Como había vaticinado don
Ordoño, al final de la jornada llegaron a la ciudad de Coímbra,
último reducto ganado para los cristianos por los condes gallegos
durante el reinado de su padre, donde se hizo fuerte el rebelde
Hermenegildo Pérez, que terminó derrotado y ajusticiado por las
tropas de Alfonso III el
Magno. La ciudad,
ubicada en torno a un montículo con su castillo en lo más alto de
la colina, en la margen derecha del Mondego, ofrecía una situación
privilegiada para observar los movimientos del enemigo a muchas
leguas a la redonda. En ella las huestes de don Ordoño permanecieron
no dos sino tres días para reponer sus fuerzas y poder continuar así
con más ímpetu y energías renovadas.
Aún tuvieron que sufrir
muchos días de largas marchas y duras fatigas antes de alcanzar su
objetivo el 19 de agosto. Algunos de sus hombres se quedaron por el
camino por haberles fallado las fuerzas o ser víctimas de alguna
enfermedad, pero el grueso de las tropas llegó a su destino deseoso
de combatir por su rey y con la moral muy alta.
Cuando el día anterior de la
batalla divisaron la ciudad en medio de aquella vasta llanura, don
Ordoño ordenó detener allí mismo sus tropas para pasar la noche y
atacar de refresco en la madrugada del siguiente día. Dos horas
antes del alba ya se habían puesto en marcha para acercarse a la
ciudad sin ser vistos y formar un cerco en su derredor. Cuando la
aurora extendió su manto por la inmensa llanura del Alentejo, los
centinelas de la ciudad descubrieron atónitos los más de treinta
mil soldados cristianos que la rodeaban. Dieron inmediatamente la voz
de alarma, pero ya nada se podía hacer más que resistir en su
interior. Su gobernador, Marwan Abd al-Malik, no acababa de creerse
que las tropas cristianas hubieran osado presentarle batalla y
sitiarlo en su propia ciudad. No entendía cómo podían haber
llegado hasta allí sin ser descubiertas ni desbaratadas por los
ejércitos ismaelitas. El adalid musulmán desplegó a sus más de
setecientos hombres en los puntos estratégicos de las murallas de la
ciudad para que la defendieran con sus propias vidas si fuere
necesario. El caos reinaba por doquier. Las mujeres, los niños, los
ancianos y los enfermos no sabían dónde esconderse ante el ataque
inminente de los infieles, según ellos. No quedó rincón recóndito
en toda la ciudad que no fuera ocupado por alguno de los habitantes
más débiles de la misma. Todas las puertas y celosías de sus
casas se cerraron a cal y canto. La ciudad quedó desierta y el
silencio se oía por todas partes.
No tardaron las tropas de don
Ordoño en trepar a las murallas de la ciudad para terminar con la
escasa resistencia de sus defensores. Tanto Marwan Abd al-Malik como
su guarnición fueron aniquilados por la arrolladora fuerza enemiga.

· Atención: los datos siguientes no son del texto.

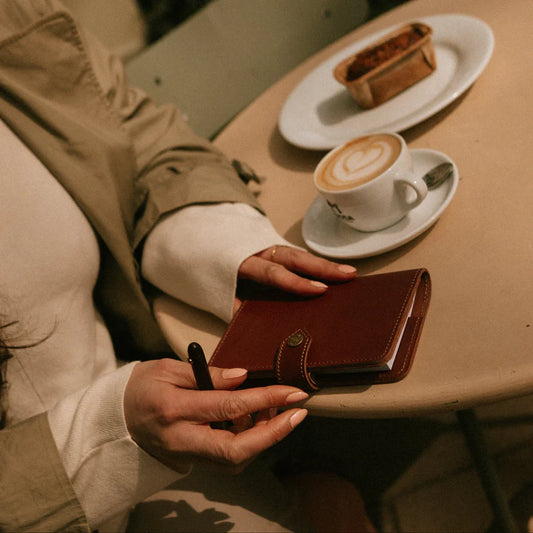 Leather Travel Wallet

Sus intentos de defensa de la ciudad fueron vanos. La resistencia no
duró más de media hora. Luego, las tropas cristianas registraron
todos los rincones y casas de la ciudad para llevarse consigo más de
cuatro mil prisioneros y un copioso botín. Nunca hasta entonces
habían recibido los musulmanes una derrota tan grande desde los
inicios de su invasión.
Al día siguiente del ataque a
Évora, don Ordoño ordenó a sus tropas el regreso a casa, pero no
desandarían el camino andado hasta allí, sino que lo harían a
través de la Vía de la Plata. Era tanta la muchedumbre, que
tardaron día y medio en cruzar el Puente de Alcántara.